Giter Site home page Giter Site logo

commonvoice-th's Introduction

CommonVoice-TH Recipe

A commonvoice-th recipe for training ASR engine using Kaldi. The following recipe follows commonvoice recipe with slight modification

Installation

The author use docker to run the container. GPU is required to train tdnn_chain, else the script can train only up to tri3b.

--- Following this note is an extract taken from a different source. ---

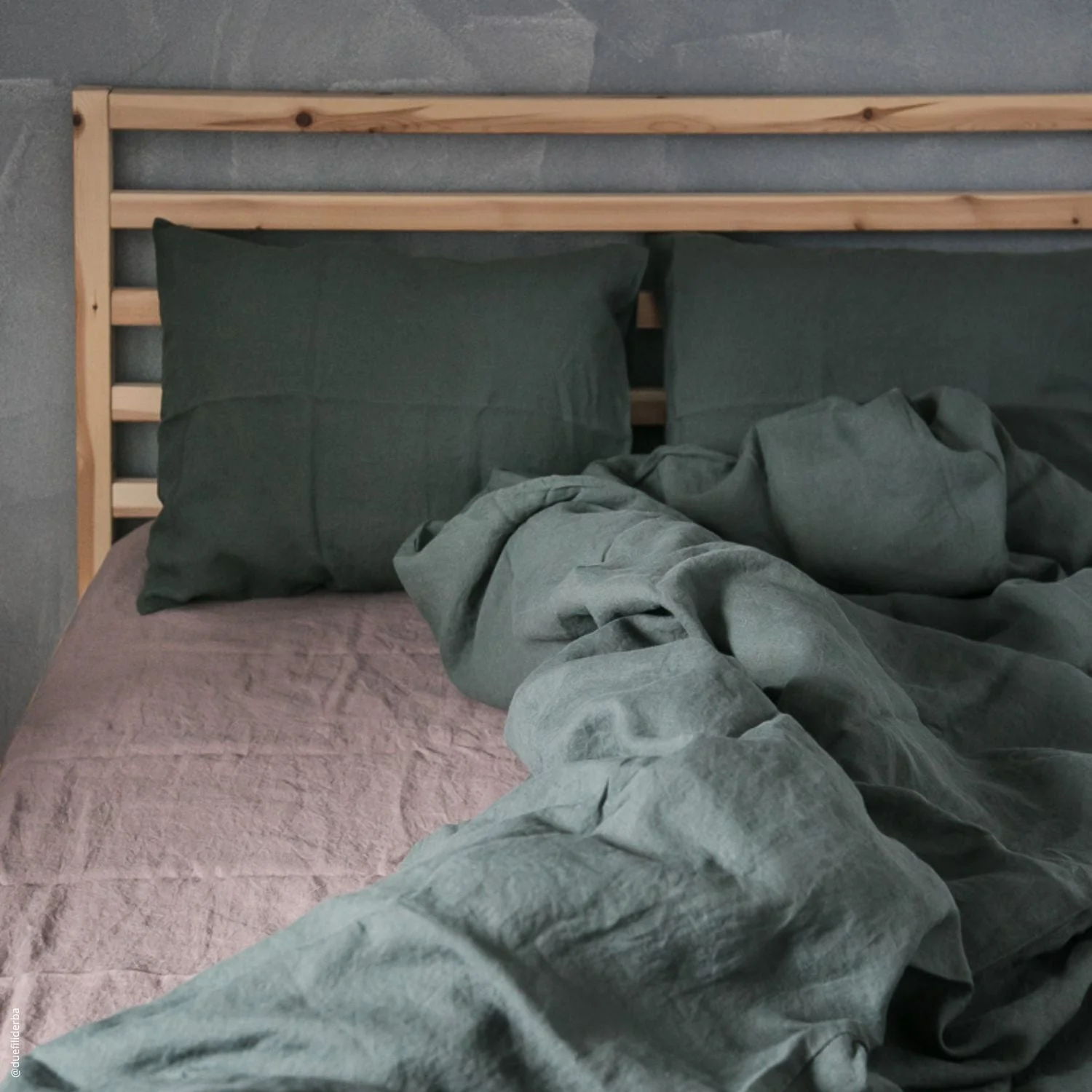 Forest Green Linen Duvet Cover - Image 4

Downloading Commonvoice Corpus

We will need a commonvoice corpus for training ASR Engine. We are using Commonvoice Corpus 7.0 in Thai language which can be download here. Once downloaded, unzip it as we will use it later to mount dataset to the docker container.

Downloading SRILM

Before building docker, SRILM file need to be downloaded. You can download it from here. Once the file is downloaded, remove version name (e.g. from srilm-1.7.3.tar.gz to srilm.tar.gz and place it inside docker directory. Your docker directory should contains 2 files: dockerfile, and srilm.tar.gz.

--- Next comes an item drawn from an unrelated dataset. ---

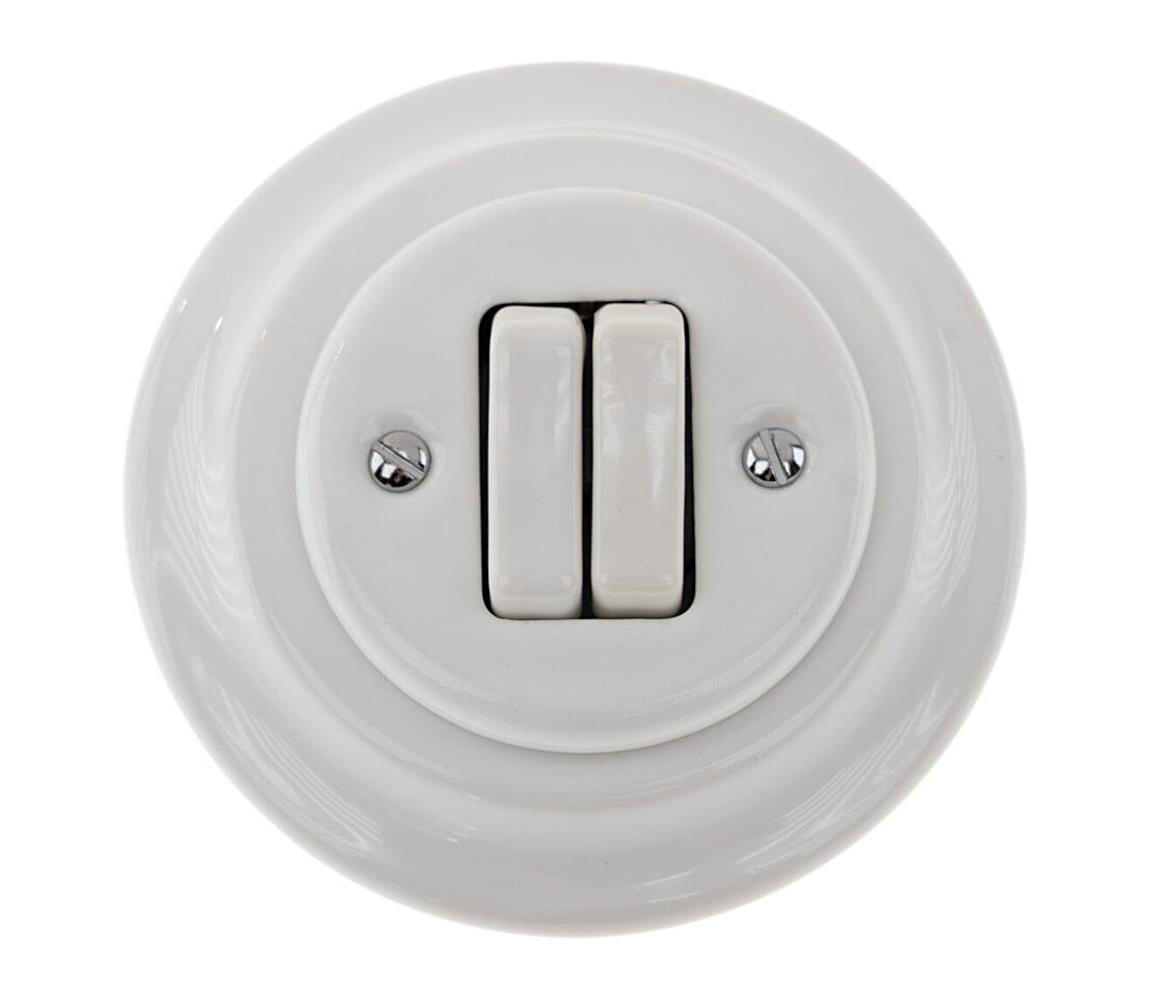 Reblig - Porcelánový retro dvojitý vypínač s rámčekom č. 6+6 biely RG220Q-W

Building Docker for Training with Kaldi

Once you have prepared SRILM file, you are ready to build docker for training this recipe. This docker automatically install project's dependendies and stored it in an image. To build a docker image, run:

$ cd docker
$ docker build -t <docker-name> kaldi

Run docker and attach command line

Once the image had been built, all you have to do is interactively attach to its bash terminal via the following command:

$ docker run -it -v <path-to-repo>:/opt/kaldi/egs/commonvoice-th \
                 -v <path-to-repo>/labels:/mnt/labels \
                 -v <path-to-cv-corpus>:/mnt \
                 --gpus all --name <container-name> <built-docker-name> bash

Once you finish this step, you should be in a docker container's bash terminal now

Building Docker for inferencing via Vosk

We also provide an example of how to inference a trained kaldi model using Vosk. Berore we begin, let's build Vosk docker image:

$ cd docker
$ docker build -t <docker-name> vosk-inference
$ cd ..  # back to root directory

Preparing Directories for Vosk Inferencing

The first step is to download provided Vosk model format on this github's release. Unzip it to vosk-inference directory. Or you can just follow this code.

$ cd vosk-inference
$ wget https://github.com/vistec-AI/commonvoice-th/releases/download/vosk-v1/model.zip
$ unzip model.zip

Run docker and test inference script

To prevent dependencies problem, the Vosk inference python script must be run inside a docker image that we just built. First, let's initiate a docker

$ docker run -it -v <path-to-repo>:/workspace \
                 --name <container-name> \
                 -p 8000:8000 \
                 <build-docker-name> bash

Then, you will be attached to a linux terminal inside the container. To inference an audio file, run:

$ cd vosk-inference
$ python3.8 inference.py --wav-path <path-to-wav>  # test it with test.wav

Note that audio file must be 16k samping rate and mono channel!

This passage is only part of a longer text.